Uyghur workers transferred from Xinjiang to other regions of China are often, if not always, forced or coerced, according to human rights groups and academics who have conducted interviews with people who have escaped the system. The Chinese government does not permit human rights groups to enter the country to interview laborers or observe conditions. The documents unearthed by Tech Transparency Project don’t detail the working conditions in Lens Tech factories.

“There’s really no way to give informed consent in Xinjiang any longer because the threat of extrajudicial detention is so extreme,” said Darren Byler, an anthropologist at the University of Colorado at Boulder who studies Uyghur migrants. Byler said the Chinese government’s use of forced labor in the Xinjiang region has long been established, but has stepped up since 2017, when the most recent crackdown on Uyghurs began.

[…] Some Uyghur workers have told human rights groups that they were given a choice between taking a job in a far-flung factory or being sent to a detention center. In some cases, workers have said that when they “accept” the job, they live in heavily guarded campuses and are rarely allowed to leave. In the evenings, when their shifts end, the Uyghur workers say they are forced to take lessons in communist propaganda. Whether the Uyghurs are paid, and exactly how much, is unclear.

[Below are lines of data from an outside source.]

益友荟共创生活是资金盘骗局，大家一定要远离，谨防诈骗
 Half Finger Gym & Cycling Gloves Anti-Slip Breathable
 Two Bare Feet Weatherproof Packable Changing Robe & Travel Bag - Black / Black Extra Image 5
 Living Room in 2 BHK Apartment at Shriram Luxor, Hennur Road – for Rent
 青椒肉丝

The Washington Post noted that Chinese state media has portrayed the Uyghurs sent to work for Lens Technology as voluntary workers, but “the text of the article uses language that human rights groups say reveals the workers might not be going by choice.” For example, Chinese officials are prone to gushing over the “paramilitary” style of management imposed on Uyghur workers by the “management cadres” — i.e. Communist Party political officers — who travel with them. Chinese propaganda portrays the Uyghurs and other ethnic groups as “lazy” and in need of close supervision to remain properly motivated.

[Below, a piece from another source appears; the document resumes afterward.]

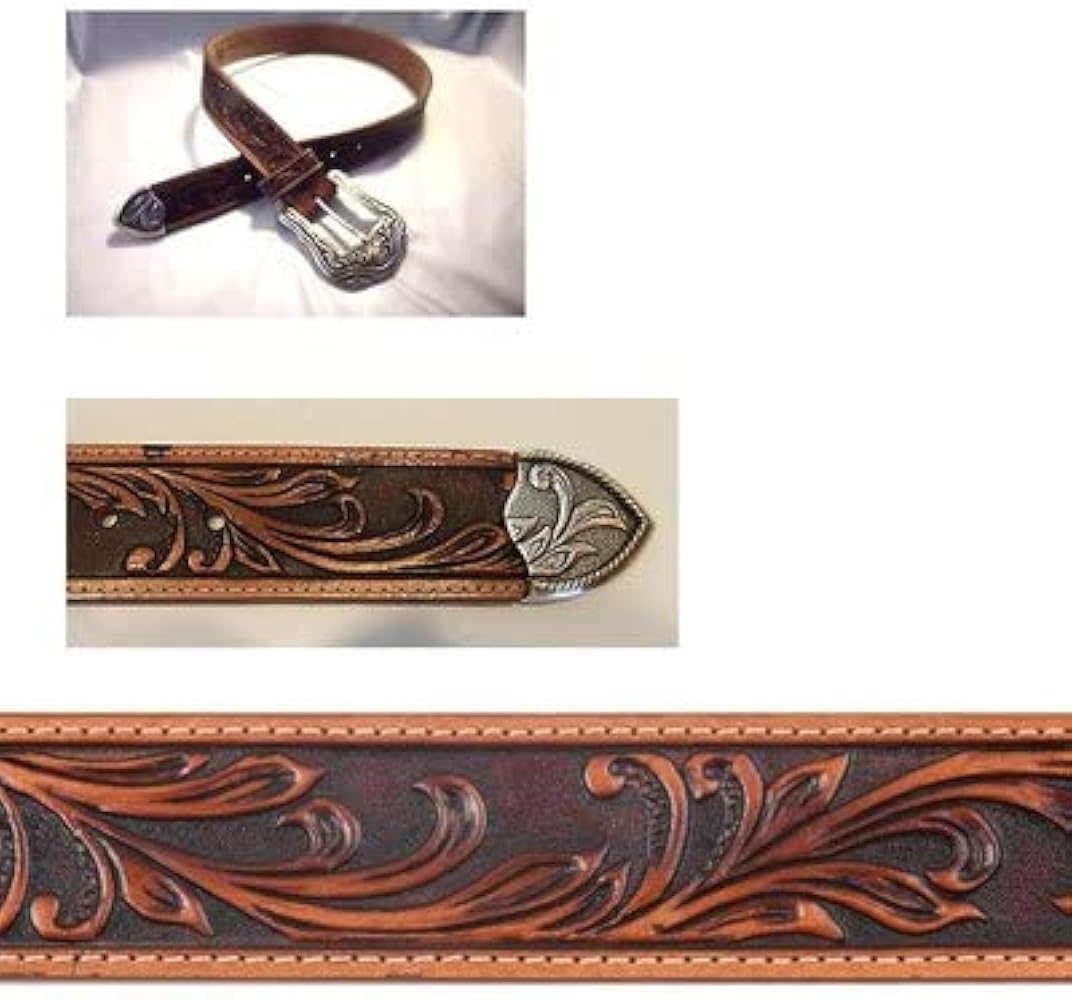 Amazon | [TWO THREE] Tony Lama トニーラマ ウエスタンレザー ベルト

Another clue to the true nature of Uyghur “employment” at Lens Technology is that Uyghur labor for the company was coordinated through something China calls the “Integrated Joint Operations Program,” a system described by human rights advocates as a surveillance network that helps Chinese authorities decide which Uyghurs belong in concentration camps. The implication is that Uyghur workers are keenly aware their alternative to working for certain Chinese companies, while keeping quiet about abusive practices, is getting sent back to the camps.

On Monday, Buzzfeed published a report offering copious evidence that Uyghurs don’t have to be shipped to other parts of China to engage in forced labor, because factories have been built right inside the concentration camps of Xinjiang province. At least 135 known detention facilities apparently have production lines inside their perimeters.

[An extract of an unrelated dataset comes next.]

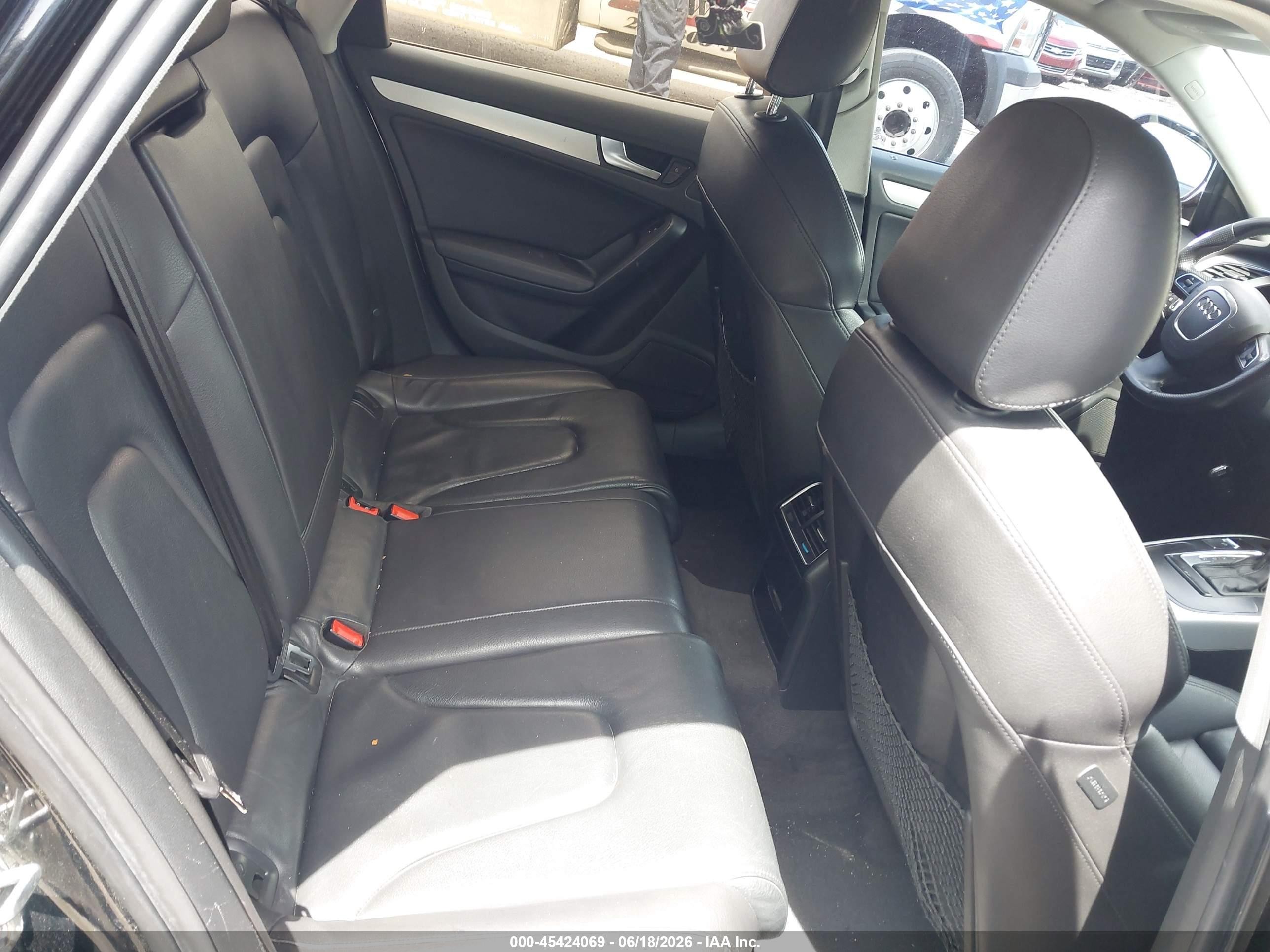 2011 Audi A4 2.0t Premium Black vin: WAUFFAFL1BN032247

“Forced labor on a vast scale is almost certainly taking place inside facilities like these, according to researchers and interviews with former detainees,” Buzzfeed wrote, quoting several former camp inmates who said they were forced to work for “a pittance or no pay at all.”

As with the investigation by TTP and the Washington Post report on it, Buzzfeed’s sources said forced labor is so widespread in Xinjiang — and repression of complaints and investigations is so fierce — that “no company that manufactures there could conclude that its supply chain is free from it.” This, in turn, means that American consumers cannot be confident they are not unwittingly supporting forced labor when they buy goods wholly or partially created with Xinjiang labor.

The Center for Global Policy released a report in mid-December that argued the use of forced labor in Xinjiang province, especially for grueling tasks such as picking cotton, is occurring on a much larger scale than previously suspected. The report mentioned the same deceptive “coercive labor training and transfer scheme” described by TTP and Buzzfeed, and noted that even Uyghurs who have been released from the internment camps can be swept up in forced labor programs.